## Exercise goal
The listing below must be repeated word for word, with its images excluded.

## Task data
━━━━━━━━━━━━━━━━
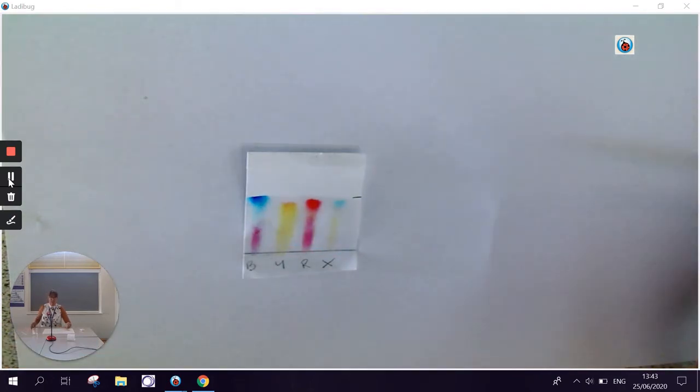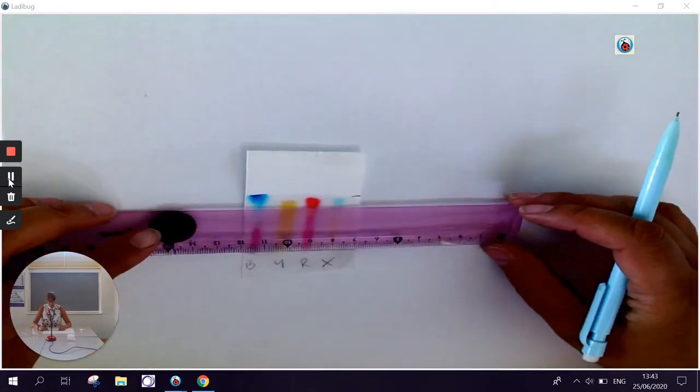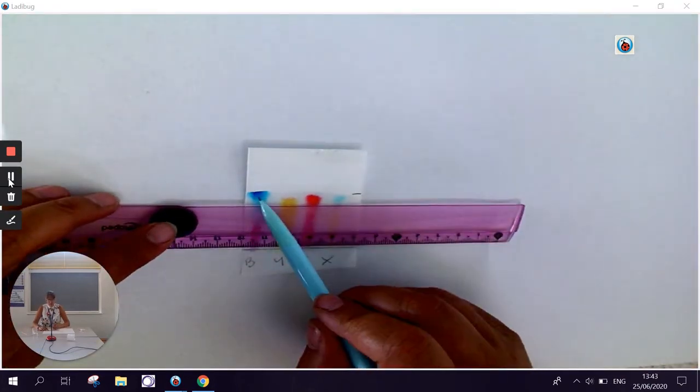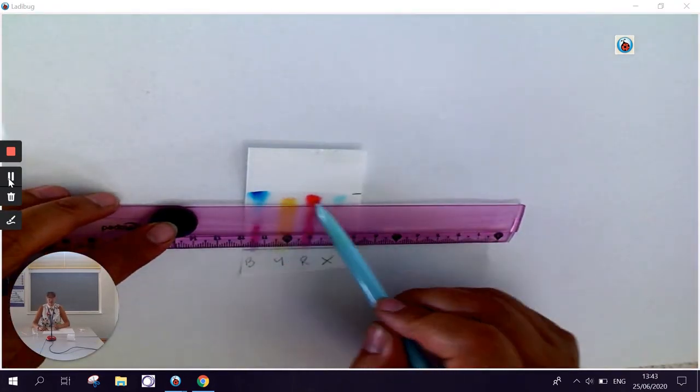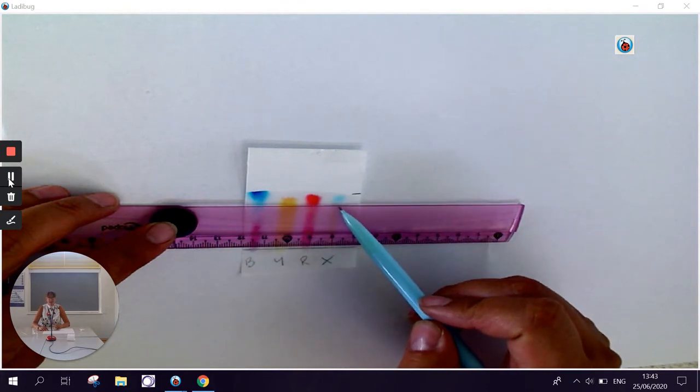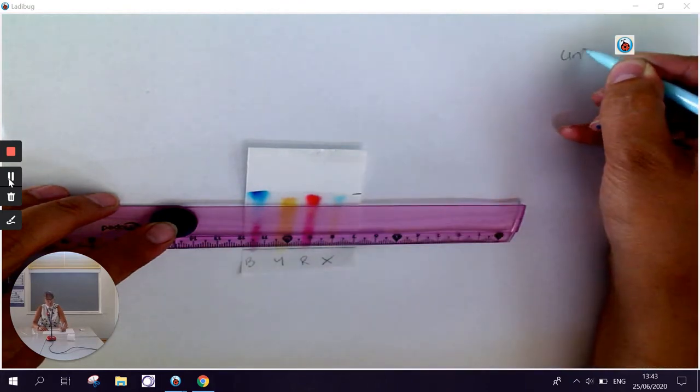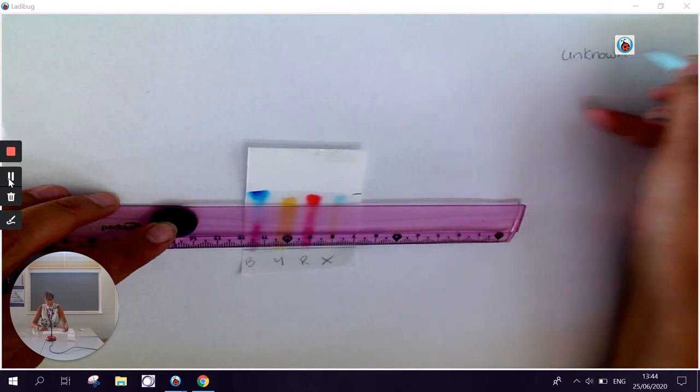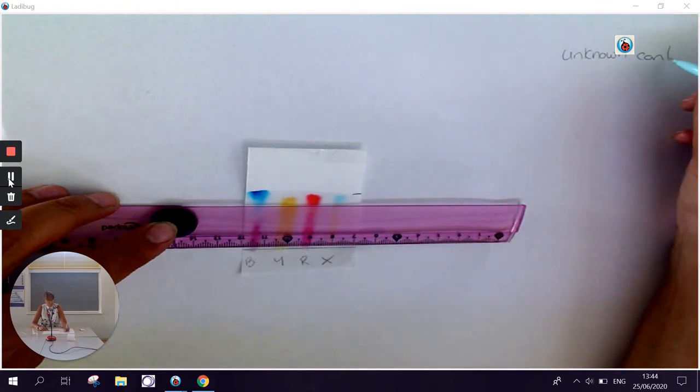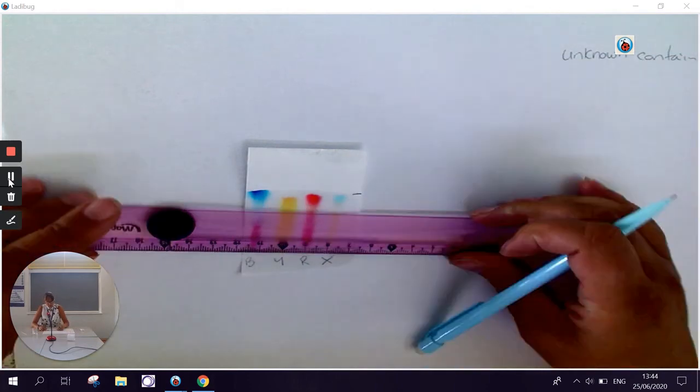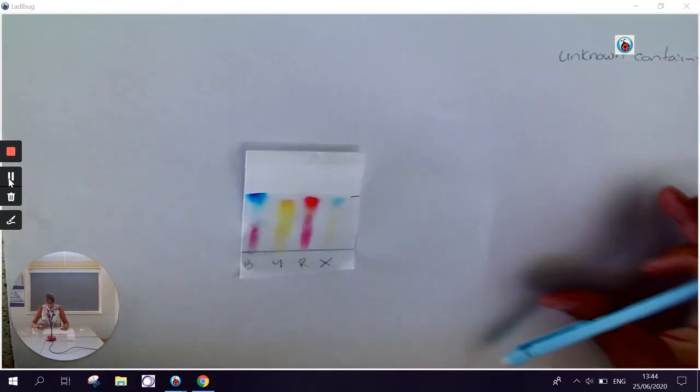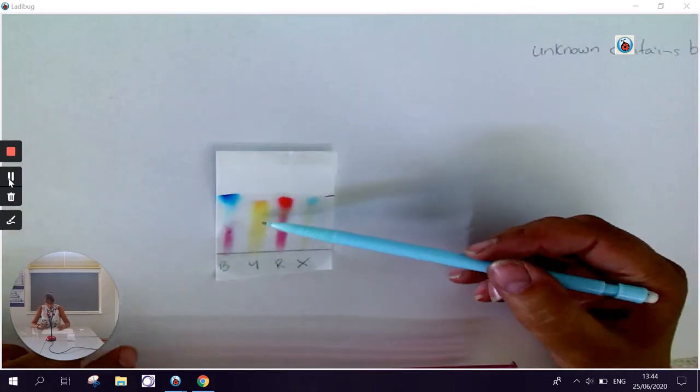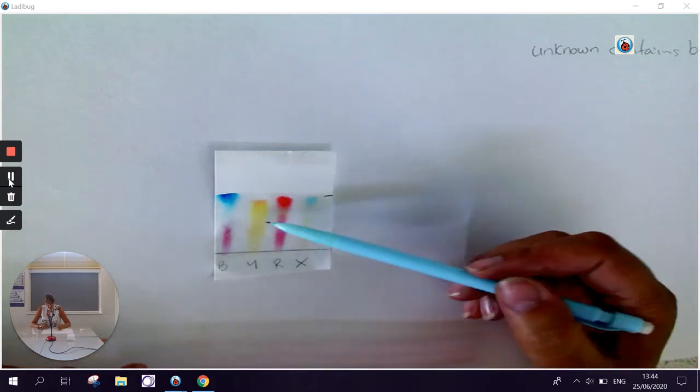If I look across and take my ruler, then the blue spot here lines up with the blue spot here. So we can see that the unknown has got blue in it. And if I look a bit further down, I can also see that there is some yellow in it as well.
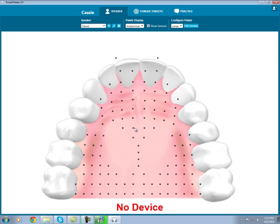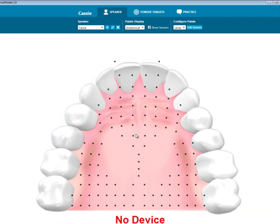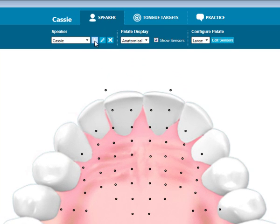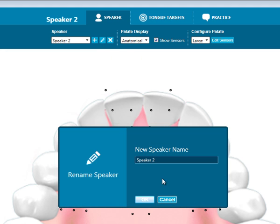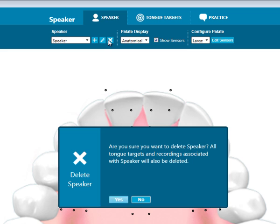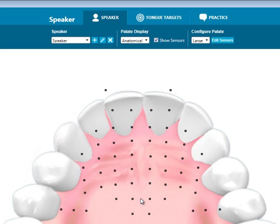Here in the speaker tab, you can make changes to the speaker display. To create a new speaker, once you are in the software, you will hit this plus sign. Give your speaker a new name and hit OK. You can also edit the speaker name and delete a speaker here. To switch to a new speaker, click this drop down and select the speaker you would like to work with.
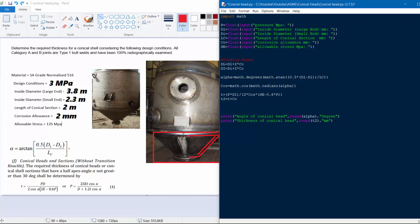Now we find alpha. Python's math functions work in radians, so we convert the output to degrees using math.degrees(). Alpha = math.degrees(math.atan(0.5 × (DL − DI) / LC)). This gives us our half-apex angle alpha in degrees. Then cos_alpha = math.cos(math.radians(alpha)), converting back to radians for the cosine calculation.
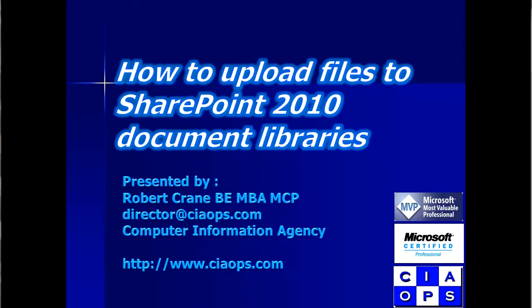Welcome along to another video presentation from the Computer Information Agency. My name is Robert Crane and in this episode we'll look at how to upload files to SharePoint 2010 document libraries.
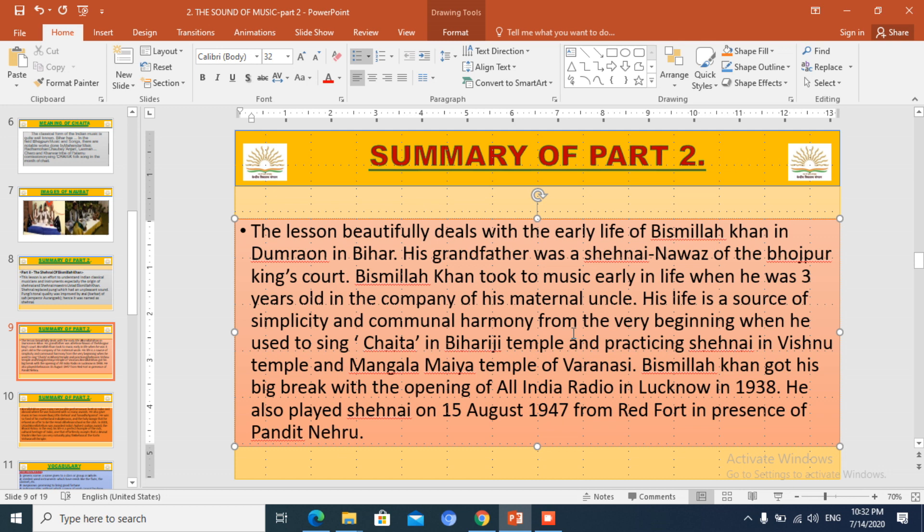Later on, that unpleasant noise was removed by improvising the instrument. The person who improvised and played it was a barber, called Nai in Hindi, and he played it for Shah — that is, Emperor Aurangzeb. So it was named Shahnai: Shah, because it was played for the Emperor, and Nai, because a Nai played it.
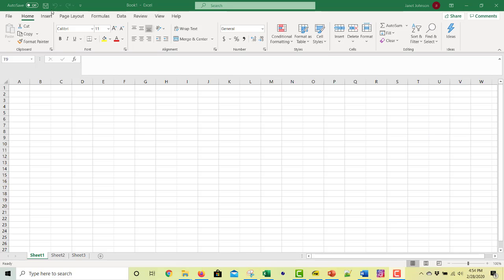Now up here at the top, this is officially called a ribbon. This is where all the menus are. And you see the top layer here, file, home, insert, page layout. These give you different ribbon menus.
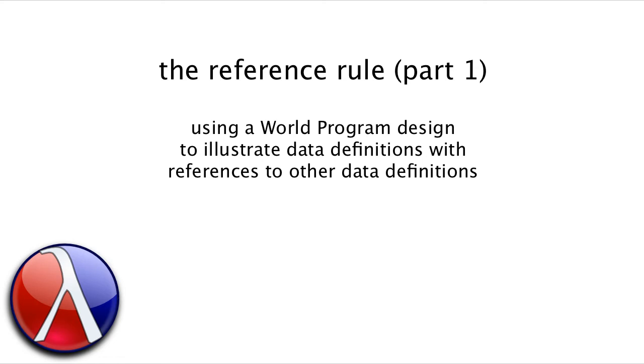In this video, we're going to look at a new template rule called the Reference Rule. The Reference Rule comes up in complex data definitions that involve more than one type, and it has a significant effect on the overall structure of our program.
━━━━━━━━━━━━━━━━
## Answer for this exercise
If I look across and take my ruler, then the blue spot here lines up with the blue spot here. So we can see that the unknown has got blue in it. And if I look a bit further down, I can also see that there is some yellow in it as well.
Here in the speaker tab, you can make changes to the speaker display. To create a new speaker, once you are in the software, you will hit this plus sign. Give your speaker a new name and hit OK. You can also edit the speaker name and delete a speaker here. To switch to a new speaker, click this drop down and select the speaker you would like to work with.
Now we find alpha. Python's math functions work in radians, so we convert the output to degrees using math.degrees(). Alpha = math.degrees(math.atan(0.5 × (DL − DI) / LC)). This gives us our half-apex angle alpha in degrees. Then cos_alpha = math.cos(math.radians(alpha)), converting back to radians for the cosine calculation.
Welcome along to another video presentation from the Computer Information Agency. My name is Robert Crane and in this episode we'll look at how to upload files to SharePoint 2010 document libraries.
Later on, that unpleasant noise was removed by improvising the instrument. The person who improvised and played it was a barber, called Nai in Hindi, and he played it for Shah — that is, Emperor Aurangzeb. So it was named Shahnai: Shah, because it was played for the Emperor, and Nai, because a Nai played it.
Now up here at the top, this is officially called a ribbon. This is where all the menus are. And you see the top layer here, file, home, insert, page layout. These give you different ribbon menus.
In this video, we're going to look at a new template rule called the Reference Rule. The Reference Rule comes up in complex data definitions that involve more than one type, and it has a significant effect on the overall structure of our program.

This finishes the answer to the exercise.